YOUR TASK: A single stretch of the material below is to be transcribed exactly, starting at the line with "30 Pack SelfAdhesive" and ending after the line with "Chausson mule fourrée".

DATA PROVIDED:
* * * *

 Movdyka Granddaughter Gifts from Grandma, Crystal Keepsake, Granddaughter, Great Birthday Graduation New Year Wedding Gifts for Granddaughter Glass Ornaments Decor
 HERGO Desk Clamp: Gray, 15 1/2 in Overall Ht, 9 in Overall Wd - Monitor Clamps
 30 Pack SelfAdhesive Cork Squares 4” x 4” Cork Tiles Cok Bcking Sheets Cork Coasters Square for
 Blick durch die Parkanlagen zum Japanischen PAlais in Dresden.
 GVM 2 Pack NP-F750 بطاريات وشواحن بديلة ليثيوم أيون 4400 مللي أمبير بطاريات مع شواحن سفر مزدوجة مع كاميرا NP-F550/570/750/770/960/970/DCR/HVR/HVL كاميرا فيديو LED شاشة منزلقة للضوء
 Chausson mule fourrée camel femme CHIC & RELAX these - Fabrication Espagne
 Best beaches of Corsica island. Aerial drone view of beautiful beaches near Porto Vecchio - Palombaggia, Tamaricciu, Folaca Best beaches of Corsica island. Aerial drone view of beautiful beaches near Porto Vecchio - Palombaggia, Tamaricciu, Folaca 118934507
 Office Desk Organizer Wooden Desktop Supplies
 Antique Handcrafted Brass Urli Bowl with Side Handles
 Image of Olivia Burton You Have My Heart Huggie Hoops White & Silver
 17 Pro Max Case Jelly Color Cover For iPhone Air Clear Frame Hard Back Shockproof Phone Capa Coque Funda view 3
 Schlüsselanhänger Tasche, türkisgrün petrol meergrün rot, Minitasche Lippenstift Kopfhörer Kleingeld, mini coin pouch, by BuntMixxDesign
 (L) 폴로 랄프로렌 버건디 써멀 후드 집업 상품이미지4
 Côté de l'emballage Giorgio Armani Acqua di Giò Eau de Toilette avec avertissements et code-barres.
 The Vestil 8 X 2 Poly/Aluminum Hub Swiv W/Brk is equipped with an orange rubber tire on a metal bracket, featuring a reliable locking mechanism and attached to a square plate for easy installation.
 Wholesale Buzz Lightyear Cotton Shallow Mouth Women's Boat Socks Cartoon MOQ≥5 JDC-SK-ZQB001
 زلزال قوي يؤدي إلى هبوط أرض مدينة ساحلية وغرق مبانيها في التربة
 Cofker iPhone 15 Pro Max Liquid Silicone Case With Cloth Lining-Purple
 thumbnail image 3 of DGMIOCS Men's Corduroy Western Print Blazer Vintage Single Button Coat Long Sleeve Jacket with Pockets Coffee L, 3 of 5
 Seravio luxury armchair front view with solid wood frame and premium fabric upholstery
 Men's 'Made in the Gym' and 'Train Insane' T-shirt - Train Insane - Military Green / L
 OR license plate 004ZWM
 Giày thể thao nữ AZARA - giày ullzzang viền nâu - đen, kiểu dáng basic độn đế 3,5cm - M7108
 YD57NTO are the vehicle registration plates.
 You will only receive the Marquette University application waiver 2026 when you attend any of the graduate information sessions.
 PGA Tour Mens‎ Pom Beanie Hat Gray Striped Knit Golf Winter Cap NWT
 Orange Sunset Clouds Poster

* * * *

YOUR RESPONSE:
 30 Pack SelfAdhesive Cork Squares 4” x 4” Cork Tiles Cok Bcking Sheets Cork Coasters Square for
 Blick durch die Parkanlagen zum Japanischen PAlais in Dresden.
 GVM 2 Pack NP-F750 بطاريات وشواحن بديلة ليثيوم أيون 4400 مللي أمبير بطاريات مع شواحن سفر مزدوجة مع كاميرا NP-F550/570/750/770/960/970/DCR/HVR/HVL كاميرا فيديو LED شاشة منزلقة للضوء
 Chausson mule fourrée camel femme CHIC & RELAX these - Fabrication Espagne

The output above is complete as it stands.